**INSTRUCTIONS TO FOLLOW**
In the answer, give the entries below exactly, from the first line through the line with "Laden Sie das", with every picture omitted.

**Captioned web image data**
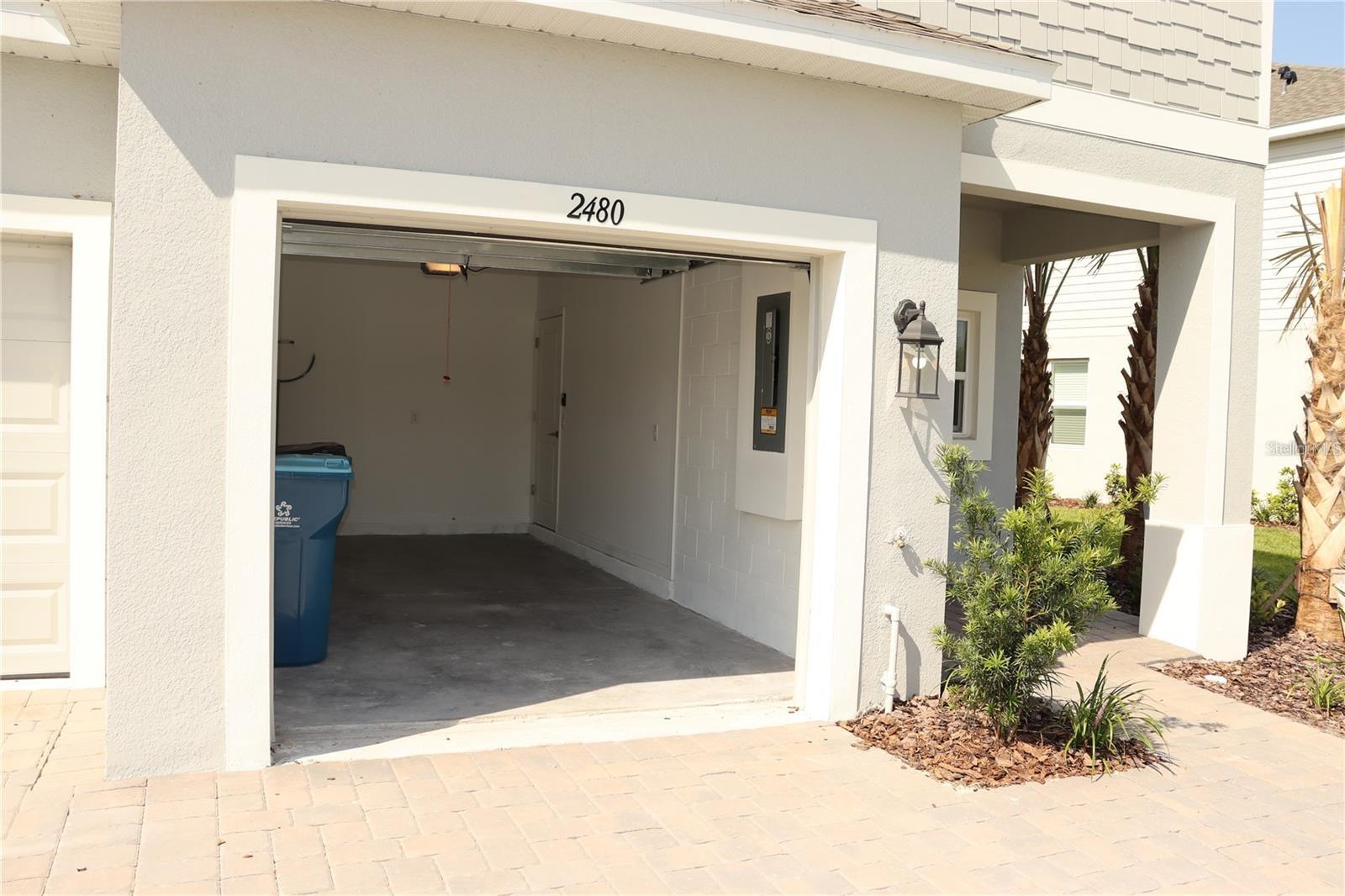 Image 10 of 36 For 2480 Penguin Boulevard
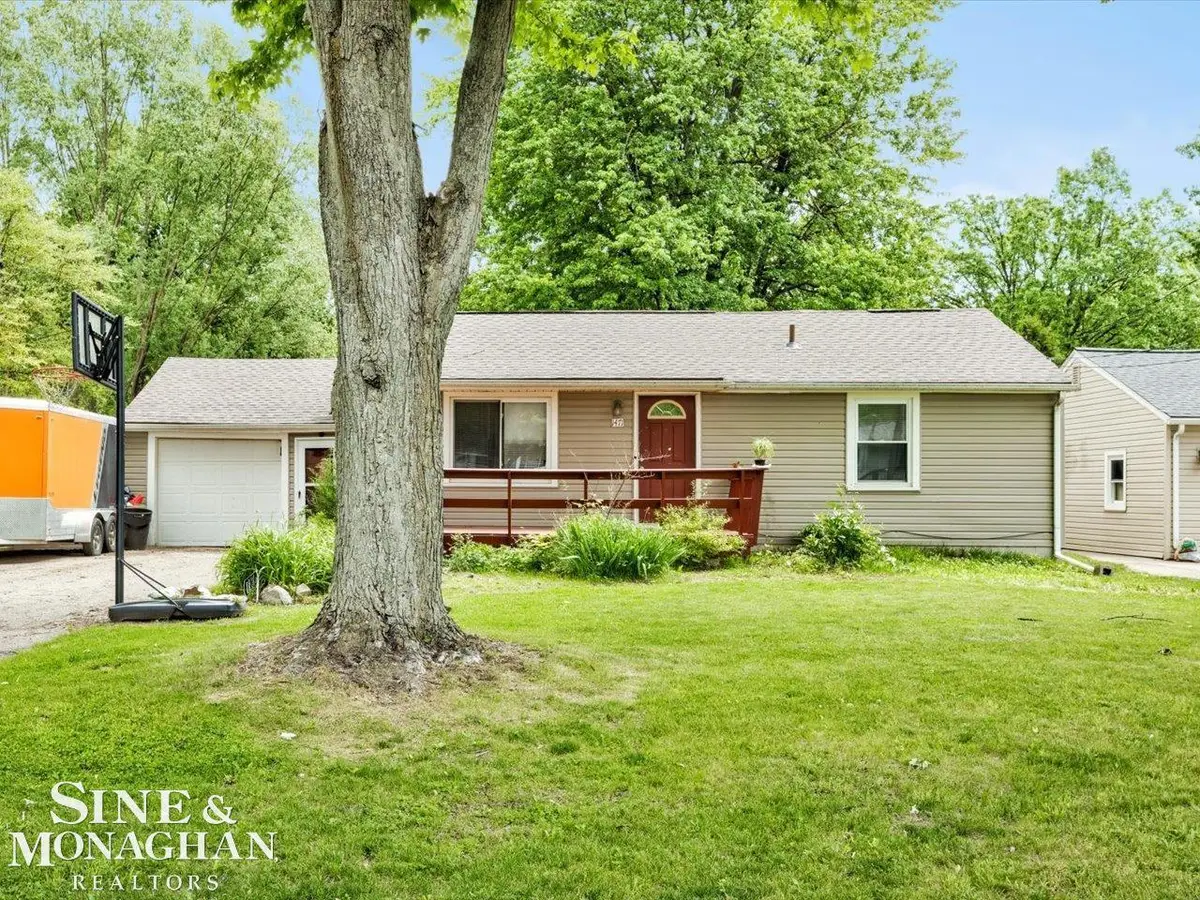 1471 S Packard  AVE, Burton, MI 48509 - #1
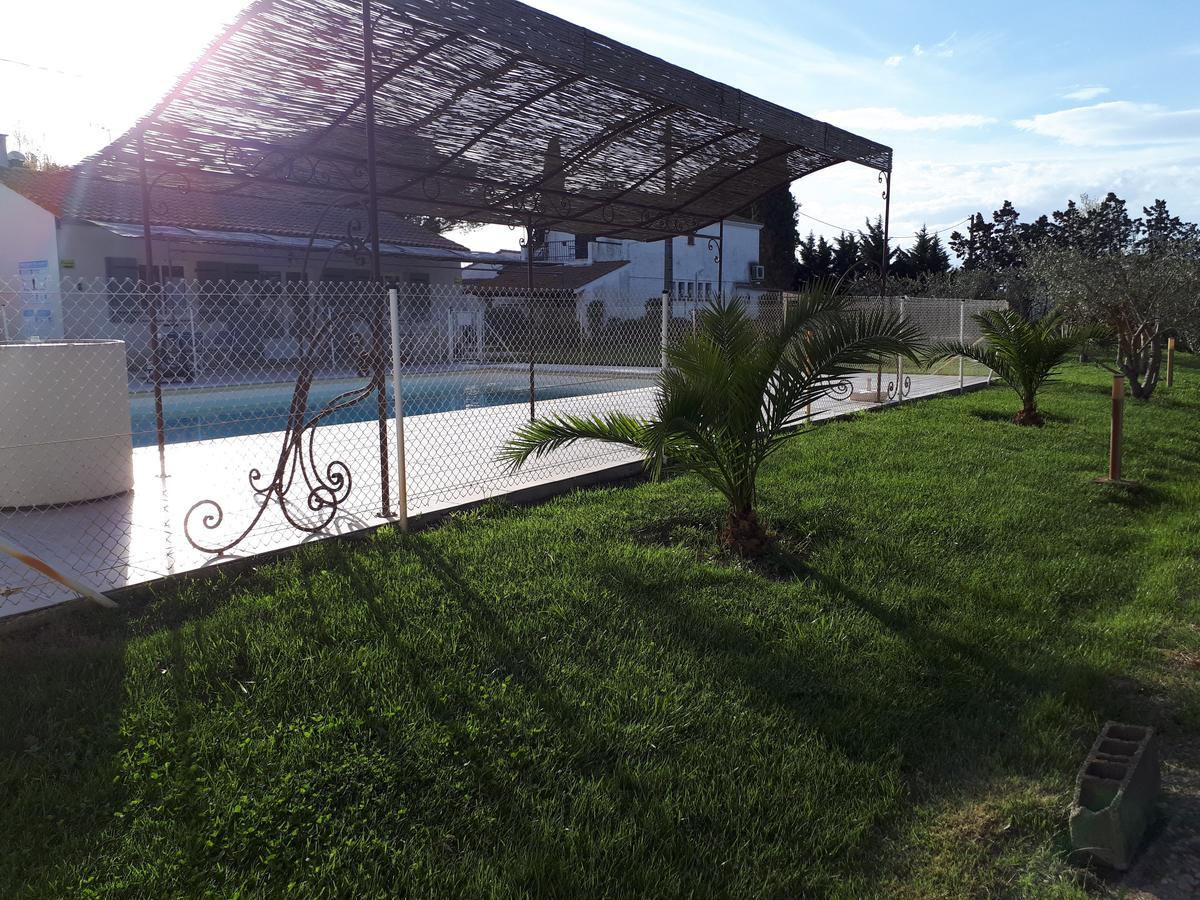 ארל Logis Hotel Des Granges מראה חיצוני תמונה
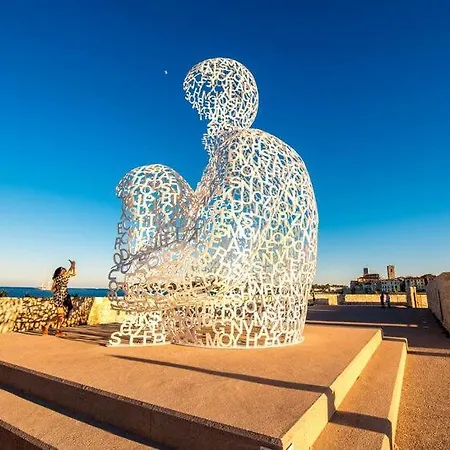 Gorgeous 2 Bedrooms Brand New Sea View Antibes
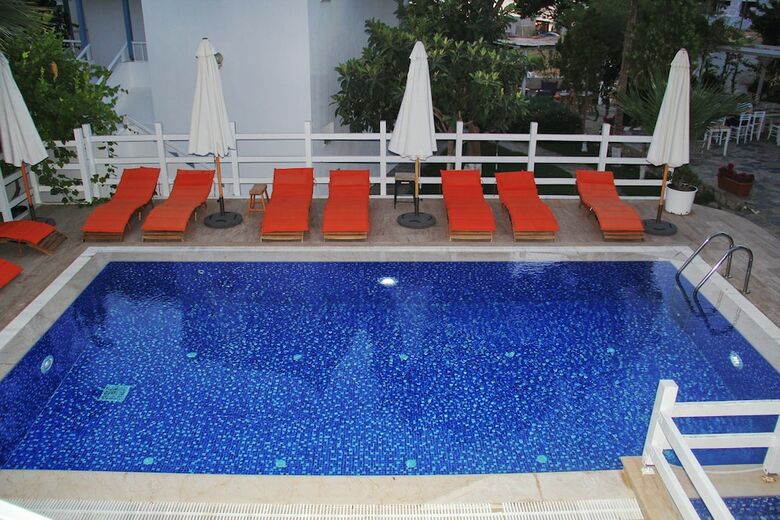 Misket Hotel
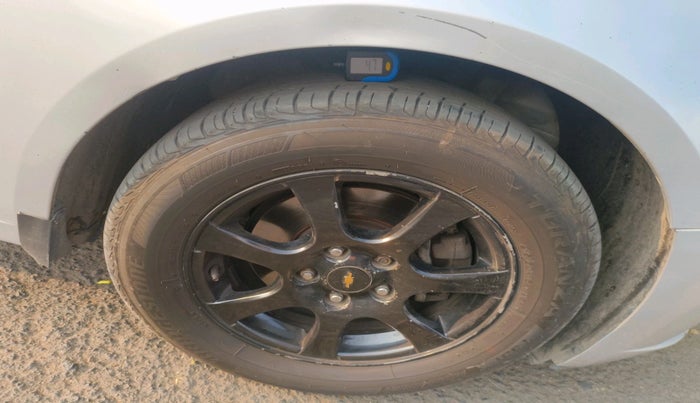 2012 Chevrolet Cruze LTZ AT, Diesel, Automatic, 1,00,296 km, tyre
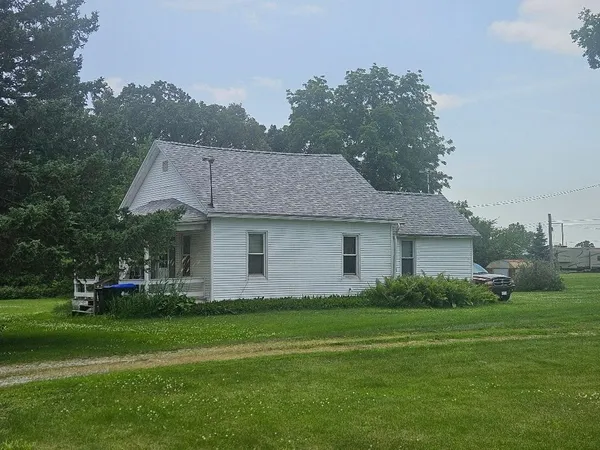 $66,000 | 616 5th Avenue, Belle Plaine, IA 52208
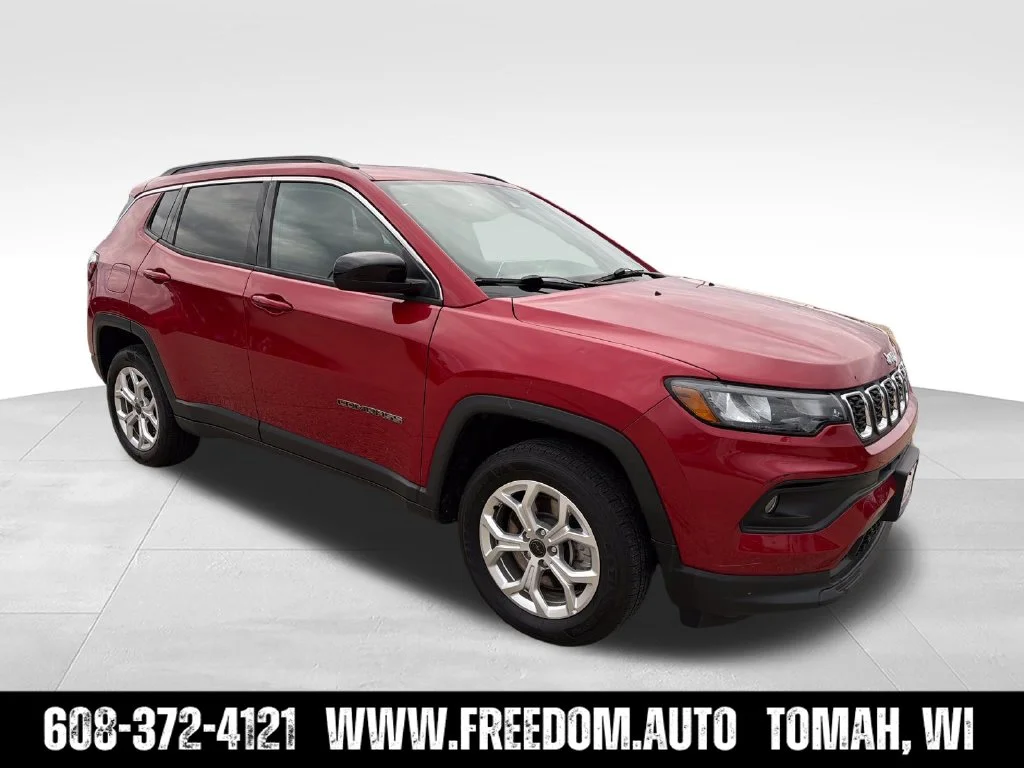 Used 2025 Red Jeep Latitude image 10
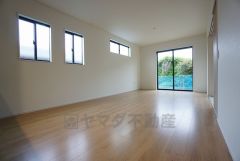 同仕様写真。大きな窓のあるリビングは、陽光あふれる明るい空間です。居心地良く、ご家族皆がゆったり寛げる憩いの空間となりそうです。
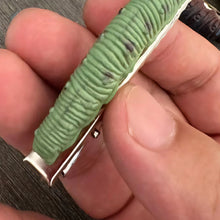 Laden Sie das Bild in den Galerie-Viewer, Handbemalte Raupen-Haarspange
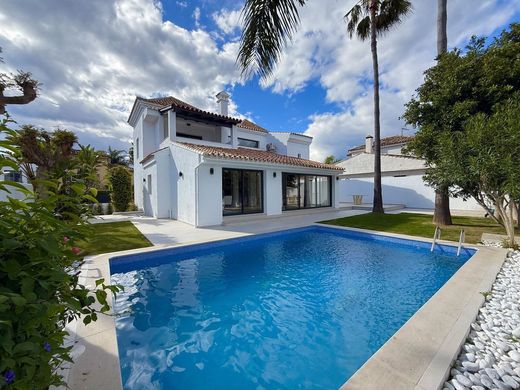 Detached House in Nueva Andalucia, Malaga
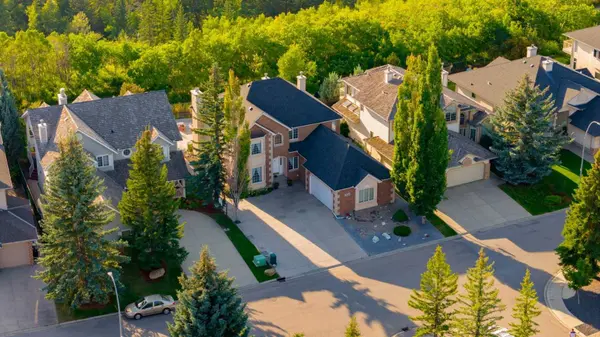 1600 Evergreen HL SW, Calgary, AB T2Y 3A9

**RESPONSE**
 Image 10 of 36 For 2480 Penguin Boulevard
 1471 S Packard  AVE, Burton, MI 48509 - #1
 ארל Logis Hotel Des Granges מראה חיצוני תמונה
 Gorgeous 2 Bedrooms Brand New Sea View Antibes
 Misket Hotel
 2012 Chevrolet Cruze LTZ AT, Diesel, Automatic, 1,00,296 km, tyre
 $66,000 | 616 5th Avenue, Belle Plaine, IA 52208
 Used 2025 Red Jeep Latitude image 10
 同仕様写真。大きな窓のあるリビングは、陽光あふれる明るい空間です。居心地良く、ご家族皆がゆったり寛げる憩いの空間となりそうです。
 Laden Sie das Bild in den Galerie-Viewer, Handbemalte Raupen-Haarspange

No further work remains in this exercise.